WORK REQUIRED:
From the line containing "this 370×246 image." to the last line of the data, both included, transcribe each line exactly, leaving out pictures and adding nothing.

EXERCISE DATA:
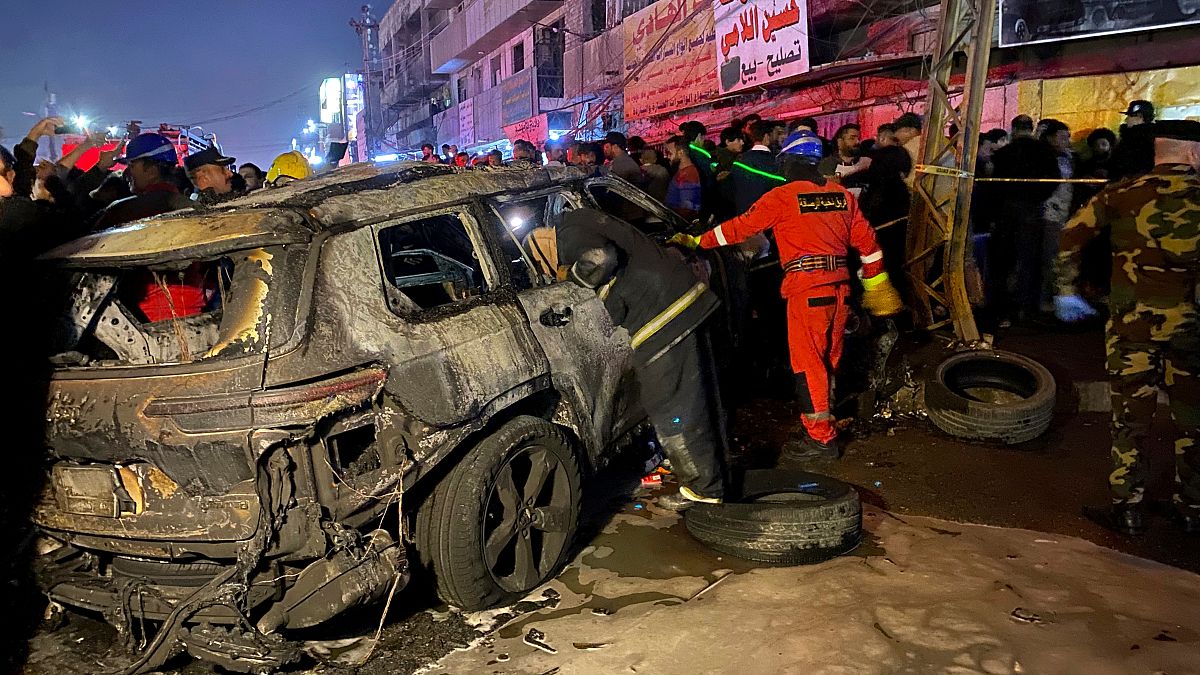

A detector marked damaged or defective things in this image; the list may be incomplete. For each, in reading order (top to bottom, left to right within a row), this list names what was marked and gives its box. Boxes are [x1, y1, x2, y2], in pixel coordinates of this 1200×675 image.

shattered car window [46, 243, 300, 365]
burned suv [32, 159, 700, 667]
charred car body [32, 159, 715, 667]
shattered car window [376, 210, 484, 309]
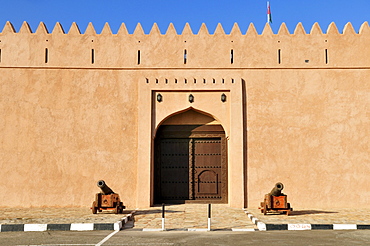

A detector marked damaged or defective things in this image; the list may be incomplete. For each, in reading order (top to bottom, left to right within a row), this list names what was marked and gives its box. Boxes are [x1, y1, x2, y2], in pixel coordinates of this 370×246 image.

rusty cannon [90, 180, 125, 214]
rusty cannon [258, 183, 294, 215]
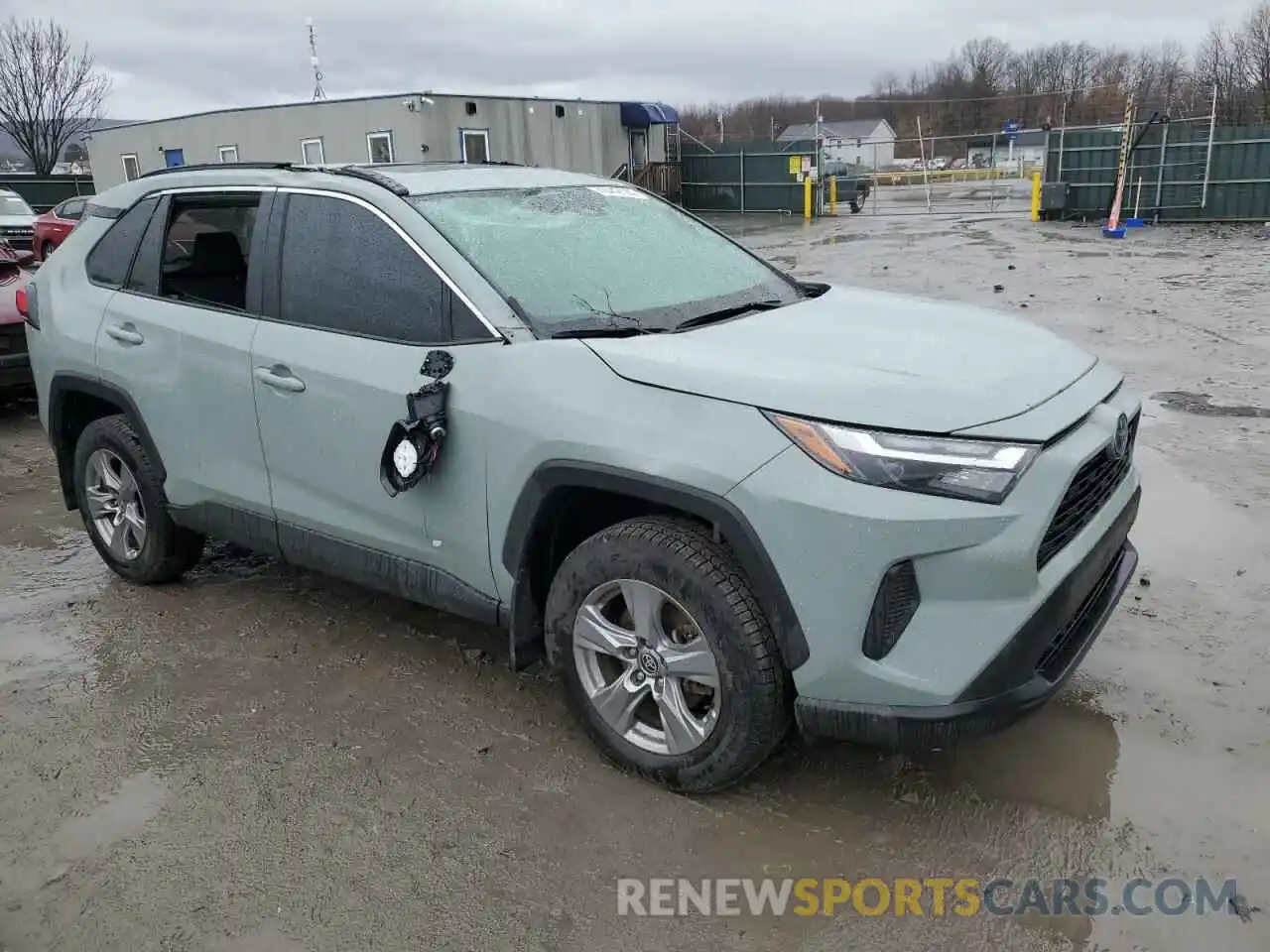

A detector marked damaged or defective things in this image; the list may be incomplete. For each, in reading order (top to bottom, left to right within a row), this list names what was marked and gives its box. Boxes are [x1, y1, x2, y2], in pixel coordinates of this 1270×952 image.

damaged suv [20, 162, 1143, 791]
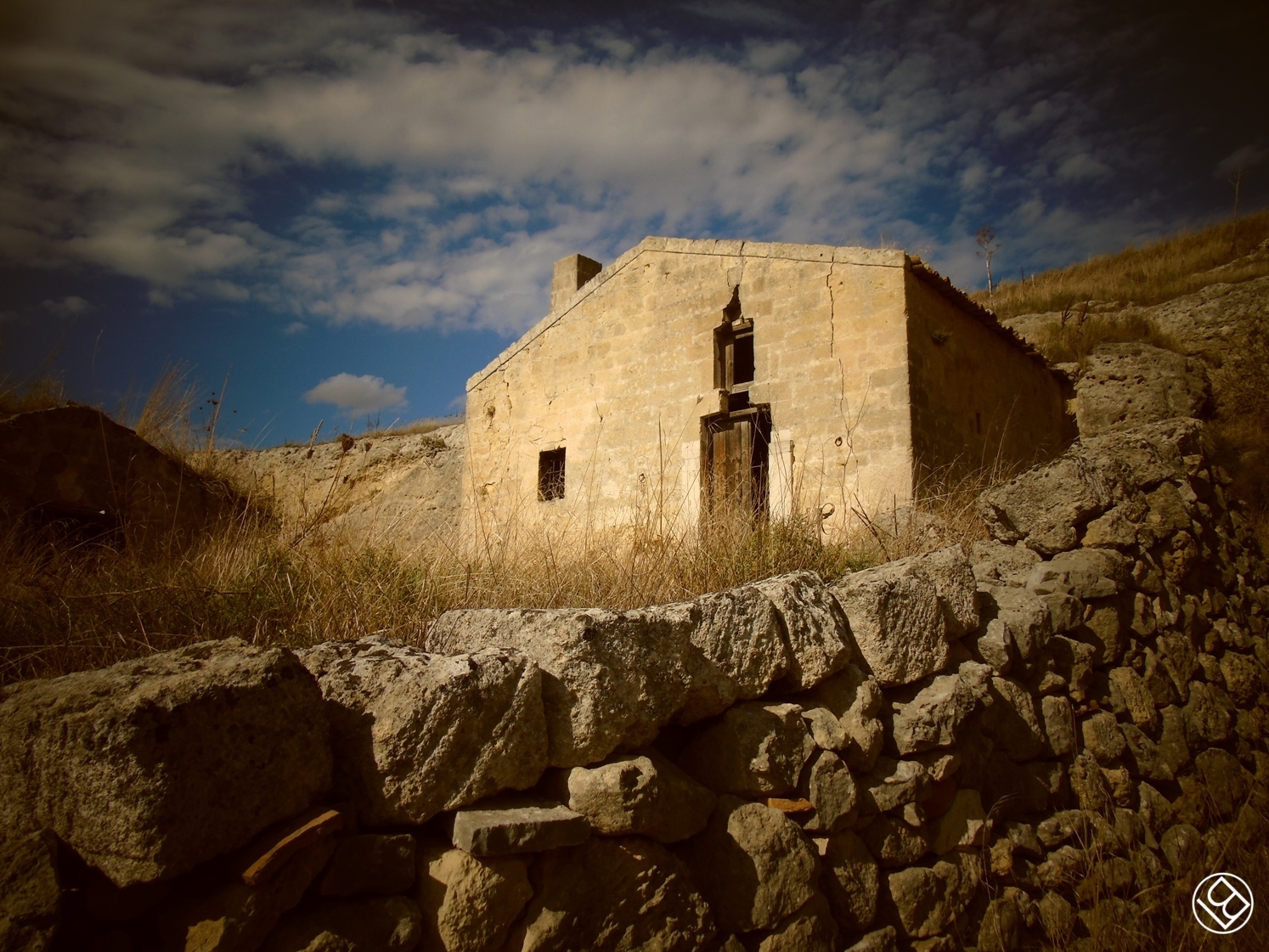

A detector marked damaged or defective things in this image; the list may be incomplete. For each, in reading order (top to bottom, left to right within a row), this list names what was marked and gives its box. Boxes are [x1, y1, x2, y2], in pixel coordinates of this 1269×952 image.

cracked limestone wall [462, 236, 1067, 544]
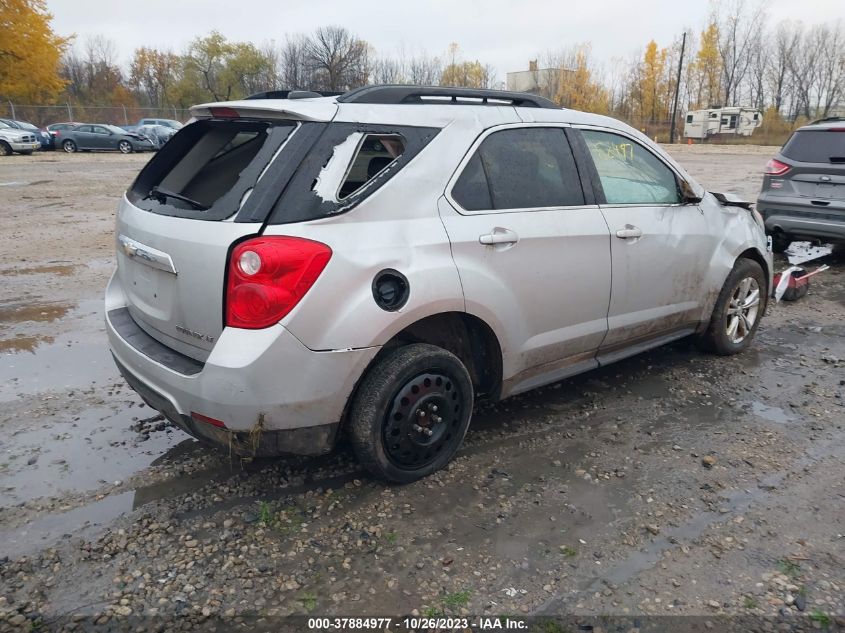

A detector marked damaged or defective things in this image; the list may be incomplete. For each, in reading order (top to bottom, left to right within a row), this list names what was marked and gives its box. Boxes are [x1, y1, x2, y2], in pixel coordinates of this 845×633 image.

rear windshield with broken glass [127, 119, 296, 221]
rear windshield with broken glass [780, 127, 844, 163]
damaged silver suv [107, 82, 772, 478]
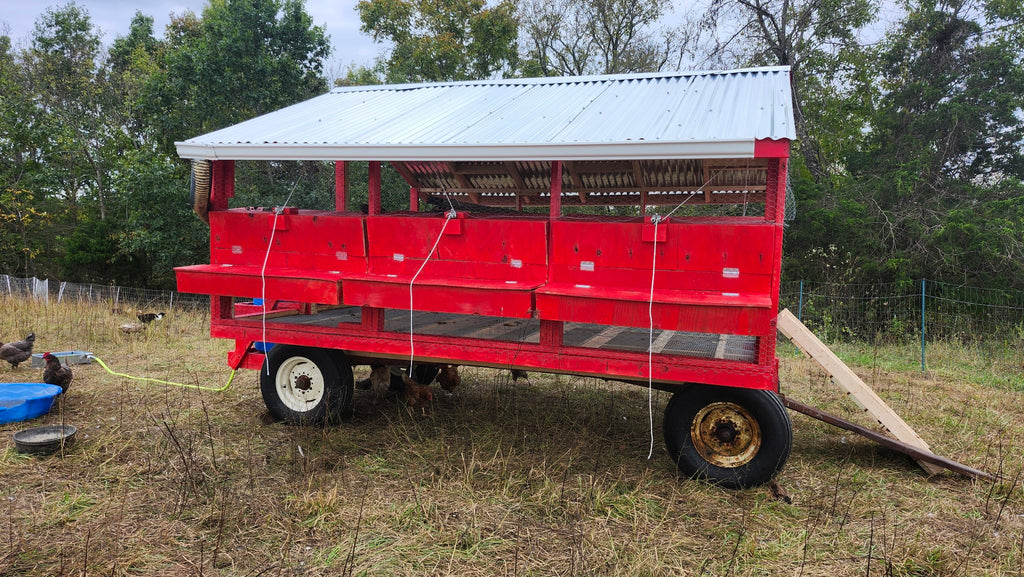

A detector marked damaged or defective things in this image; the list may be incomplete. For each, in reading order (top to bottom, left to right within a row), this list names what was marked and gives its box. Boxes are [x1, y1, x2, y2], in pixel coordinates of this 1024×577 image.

RESPONSE:
A detector marked damaged or defective things in this image; the list may be incomplete. For each, in reading order (top to bottom, left to right within a row), this list names what was marked and gives its box. Boxes are [x1, y1, x2, y2], in pixel coordinates of this 370×246 image.

rusty cannon [90, 180, 125, 214]
rusty cannon [258, 183, 294, 215]

A detector marked damaged or defective things in this image; the list may be incomplete. For each, in reading order (top to bottom, left to right within a row), this list names what was marked and gives its box. Boxes are [x1, y1, x2, y2], in pixel coordinates of this 1270×952 image.

damaged suv [20, 162, 1143, 791]

A detector marked damaged or defective things in this image; the list may be incomplete. For each, in reading order (top to bottom, left to right within a row), this list names what was marked and gives its box. Boxes are [x1, y1, x2, y2], in pixel coordinates of this 1269×952 image.

cracked limestone wall [462, 236, 1067, 544]

A detector marked damaged or defective things in this image; the list may be incomplete. For each, in reading order (top to bottom, left to right within a row), this list names what was marked and gives its box. Boxes are [x1, y1, x2, y2], in pixel coordinates of this 845×633 image.

rear windshield with broken glass [127, 119, 296, 221]
rear windshield with broken glass [780, 127, 844, 163]
damaged silver suv [107, 82, 772, 478]

A detector marked damaged or defective things in this image; the list may be incomplete. For each, in reading order (top to bottom, left to right within a row), this list names what was marked and gives its box. Boxes are [x1, y1, x2, y2], in pixel coordinates of this 1024×577 image.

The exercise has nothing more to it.